It is the contention of the Attorney General that the State Industrial Accident Commission is an arm of the state, administering the act commonly known as the Workmen’s Compensation Act, *153and that the state is, therefore, the real party in interest. From these premises he argues, because the state cannot be sued, the Industrial Accident Commission cannot be. The legislature has provided that the Industrial Accident Commission “in its name may sue and be sued, and shall have a seal which shall bear the name of the commission.” Section 6611, Or. L. The commission is given other powers exercised by a corporation: Section 6629, Or. L.; Laws 1921, c. 311. It is a creature of the legislature and is a body corporate.
This court has held the act creating the commission to be constitutional: Evanhoff v. Industrial Acc. Com., 78 Or. 503 (154 Pac. 106). The primary duty of the commission is to administer the act: Section 6611, Or. L. The exercise of judicial functions is incidental to its primary duty, and the act is not unconstitutional on that account: In re Willow Creek, 74 Or. 592 (144 Pac. 505, 146 Pac. 475). Nor does the fact that payments from the fund created by the act are to be made by the State. Treasurer on warrants drawn by the Secretary of State render it unconstitutional. Both the Secretary of State and the State Treasurer are without discretion in regard to that fund. Payments from the fund can be made only upon vouchers transmitted by the commission: Section 6638, Or. L.; Laws 1921, c. 311. The state is a contributor to the fund, and is, therefore, interested in the fund in the same manner as it is in the fund of the state board of agriculture: Tongue v. State Board of Agriculture, 55 Or. 61 (105 Pac. 250).

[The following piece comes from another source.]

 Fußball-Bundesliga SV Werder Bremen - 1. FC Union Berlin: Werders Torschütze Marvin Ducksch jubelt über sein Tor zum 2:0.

The state is not a party to cases initiated before the Industrial Accident Commission and, therefore, cannot appeal from the final action of the commission, or a judgment of the Circuit Court based upon such *154final action: Sections 549 and 6637, Or. L.; Laws 1921, c. 311. The act provides that notice of appeal from the final action of the commission shall be served upon the commission: Section 6637, Or. L.; Laws 1921, c. 311. This provision indicates the intention of the legislature to make the commission a party to the appeal. That has been the uniform practice during the many years the act has been in force.

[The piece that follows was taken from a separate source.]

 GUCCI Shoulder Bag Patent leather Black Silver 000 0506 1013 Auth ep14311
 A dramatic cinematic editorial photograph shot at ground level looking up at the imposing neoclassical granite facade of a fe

This court in Lough v. Industrial Acc. Com., 104 Or. 313 (207 Pac. 354), was not considering the matter of appeals, but the procedure for presenting a claim by an injured workman. The procedure provided by the act for presenting claims must be followed, and the procedure on appeals must likewise be followed. Both are statutory: Chebot v. Industrial Acc. Com., 106 Or. 660, 669, 670 (212 Pac. 792); Smith v. Industrial Acc. Com., 104 Or. 640 (208 Pac. 746, 748). The procedure is peculiar to the Workmen’s Compensation Act, but is not, on that account, invalid: Evanhoff v. Industrial Acc. Com., above.

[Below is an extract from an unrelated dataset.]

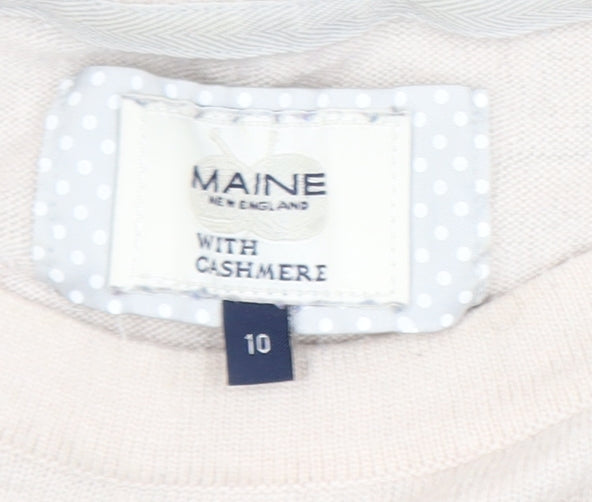 Maine New England Women's Beige Wool Cashmere Striped Jumper Size 10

“Appeals shall lie on the judgment of the Circuit Court, as in other civil cases.” Section 6637, Or. L.; Laws 1921, c. 311.
The motion to dismiss the appeal to this court is allowed and the appeal is dismissed.
Motion to Dismiss Appeal Allowed.
Mr. I. H. Van Winkle, Attorney General, and Mr. James West, Assistant Attorney General, for the motion. Mr. J. W. McInturff, contra.